*** Data records Section Begins ***

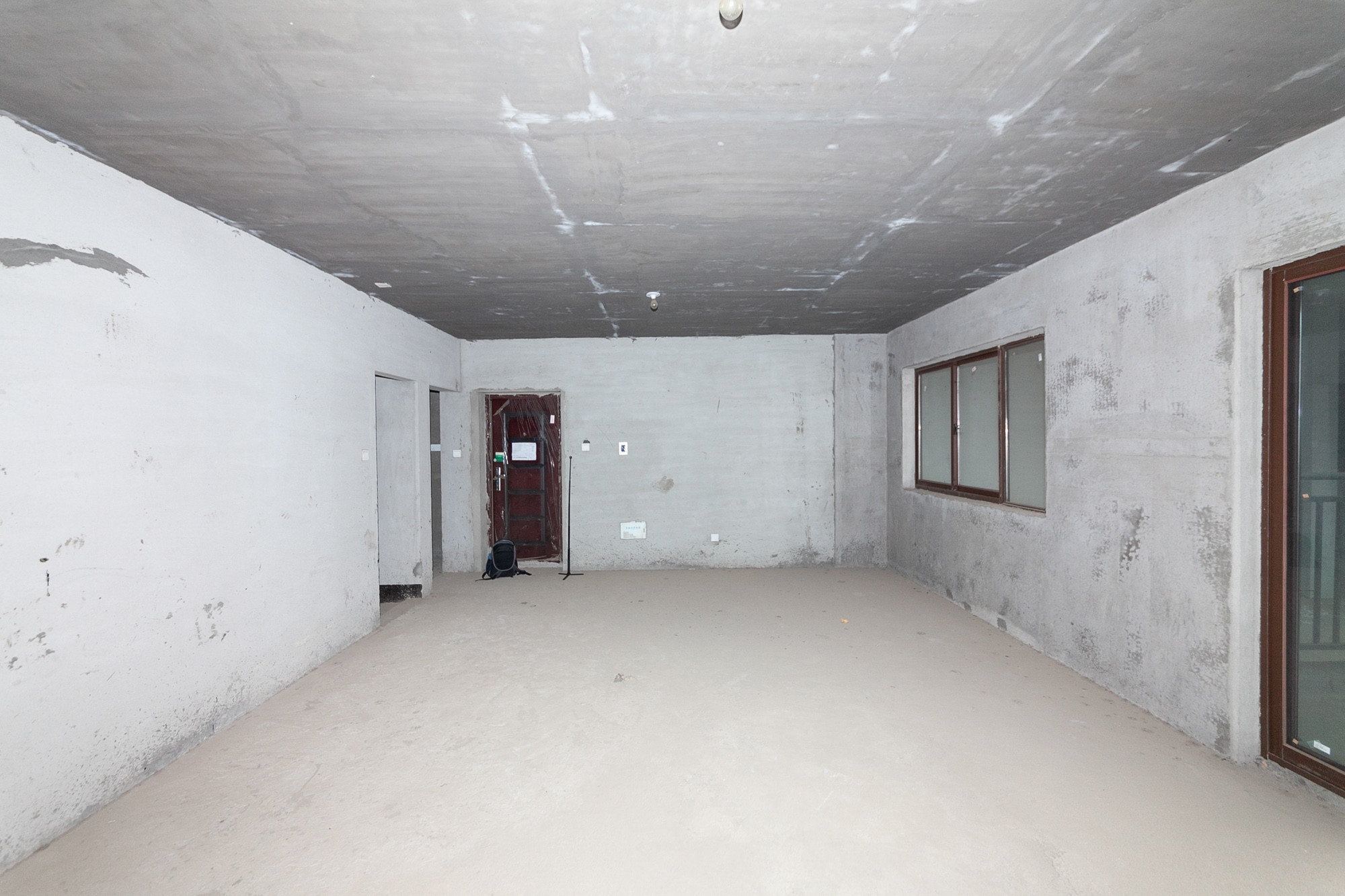 星月绿洲 4室2厅2卫 109.00万 星月绿洲 4室2厅2卫 109.00万客厅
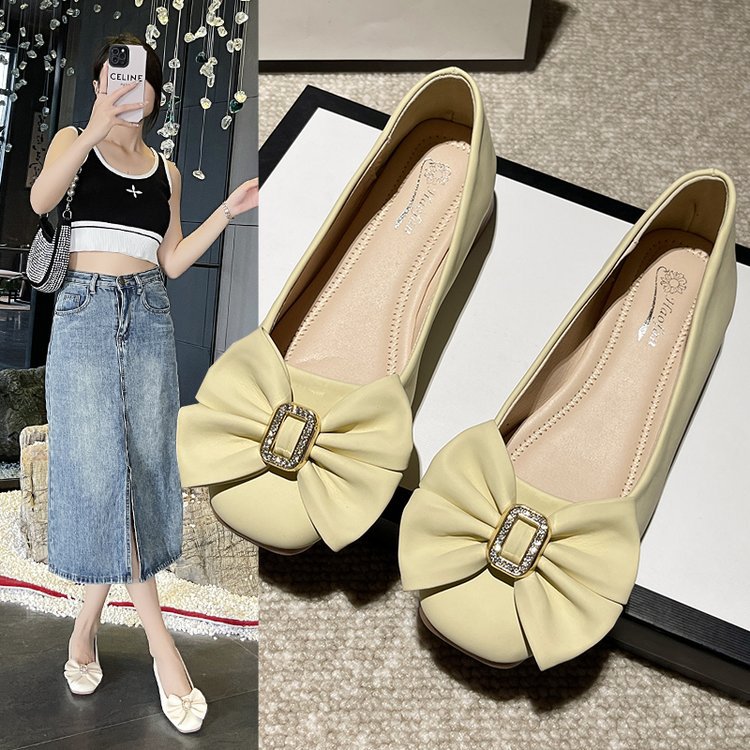 hmqViviiyNSAyin8WueXt+NQLxKD1F25Vsfg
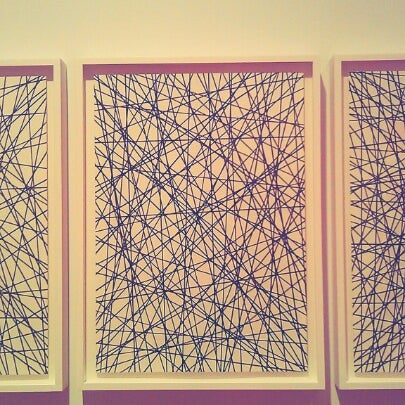 The Drawing Center
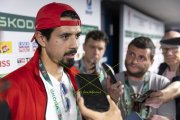 MK SCHWEIZ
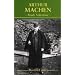 Arthur Machen (Border Lines)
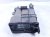 2025 Nissan Kicks Fuel Vapor Charcoal Canister 2.0l 14950 5UD0B Replacement 2025 Nissan Kicks Fuel Vapor Charcoal Canister 2.0l 14950 5UD0B Replacement thumbnail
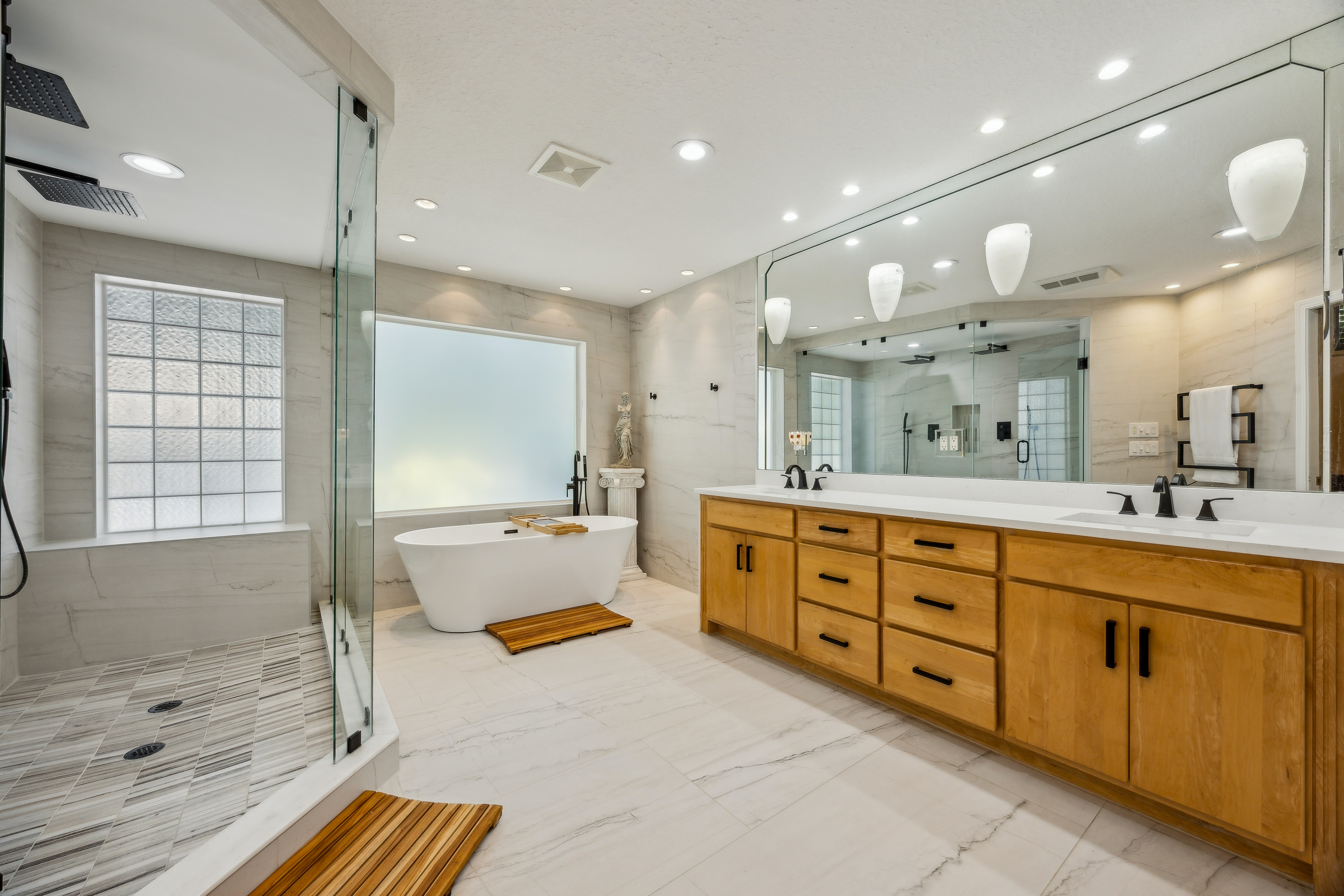 25 Beach Walker Road Fernandina Beach FL 32034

*** Data records Section Ends ***

> What is needed:
Give again, word for word, the lines from the one containing "The Drawing Center" through the last line of the entries, with pictures omitted and nothing added.

> Answer section:
 The Drawing Center
 MK SCHWEIZ
 Arthur Machen (Border Lines)
 2025 Nissan Kicks Fuel Vapor Charcoal Canister 2.0l 14950 5UD0B Replacement 2025 Nissan Kicks Fuel Vapor Charcoal Canister 2.0l 14950 5UD0B Replacement thumbnail
 25 Beach Walker Road Fernandina Beach FL 32034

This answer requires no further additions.